France urged to return pillaged African art
‘‘Within five years I want the conditions to be met for the ... restitution of African heritage to Africa’
FRANCE should change heritage laws to facilitate the return of thousands of African artworks pillaged or bought during the colonial era, governmentappointed experts are to advise Emmanuel Macron, the president.
If approved, it would amount to a radical policy shift that could pile pressure on Britain and other ex-colonial powers to hand back long-held artefacts to their countries of origin.
The report follows a groundswell of calls to return cultural treasures to Africa, amid estimations that up to 90 per cent of its cultural heritage is in foreign hands. France alone possesses around 90,000 African artworks, some 70,000 of which are at the Quai Branly museum in Paris.
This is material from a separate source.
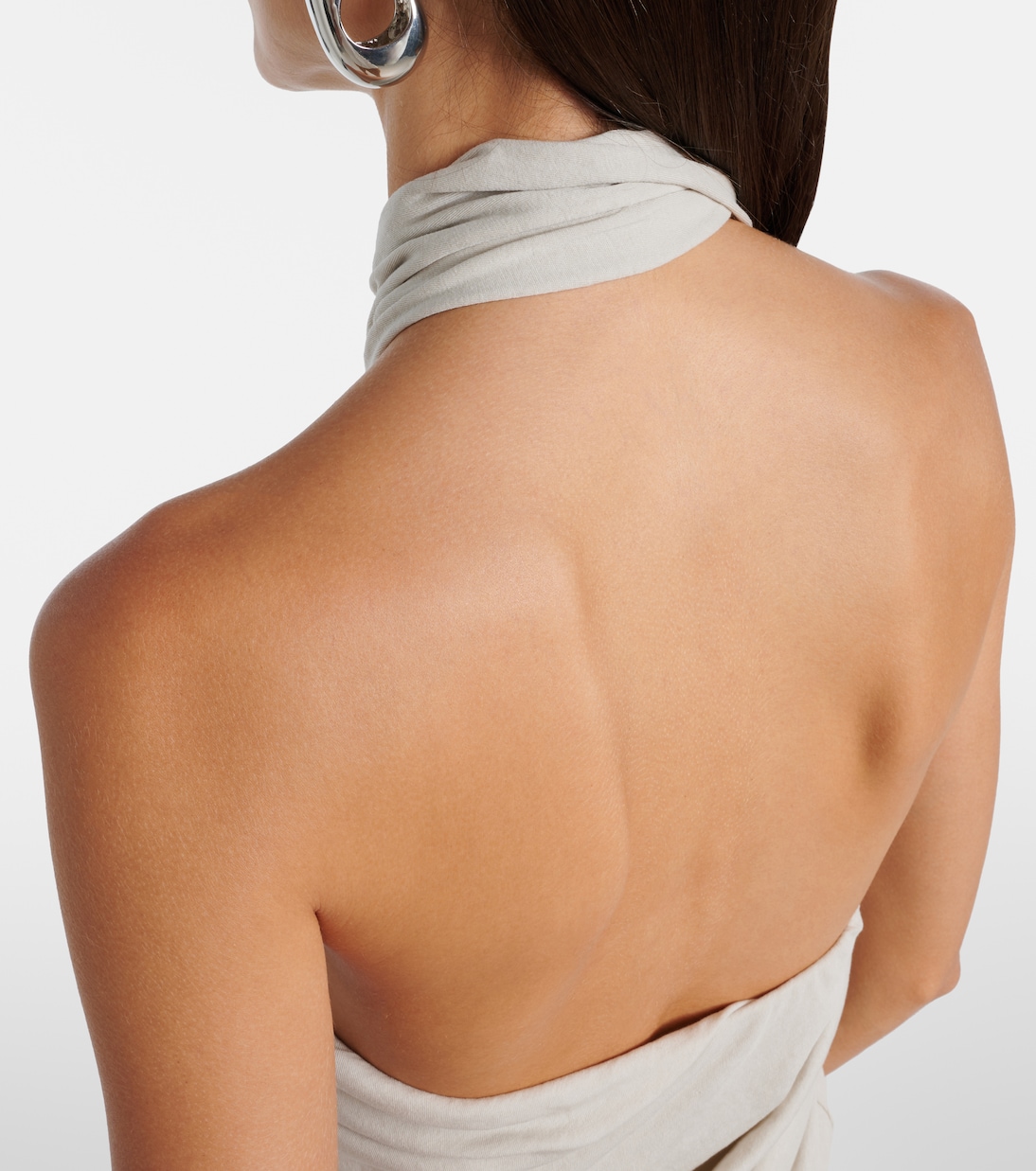 Robe en coton mélangé | Entire Studios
Currently, French law strictly forbids the government from parting with what amounts to state property, even in clear-cut cases of pillaging. But Mr Macron signalled he was prepared to consider change in a speech in Burkina Faso last year in which he said: “Africa’s heritage cannot just be in European private collections and museums.
“Within five years I want the conditions to be met for the temporary or definitive restitution of African heritage to Africa.”
Mr Macron tasked Bénédicte Savoy, a French art historian, and Felwine Sarr, a Senegalese writer, to draw up a report on the issue.
Due for release tomorrow but leaked to French media yesterday, the report suggests amending French laws to enable the restitution of cultural works if bilateral accords are struck between France and African states.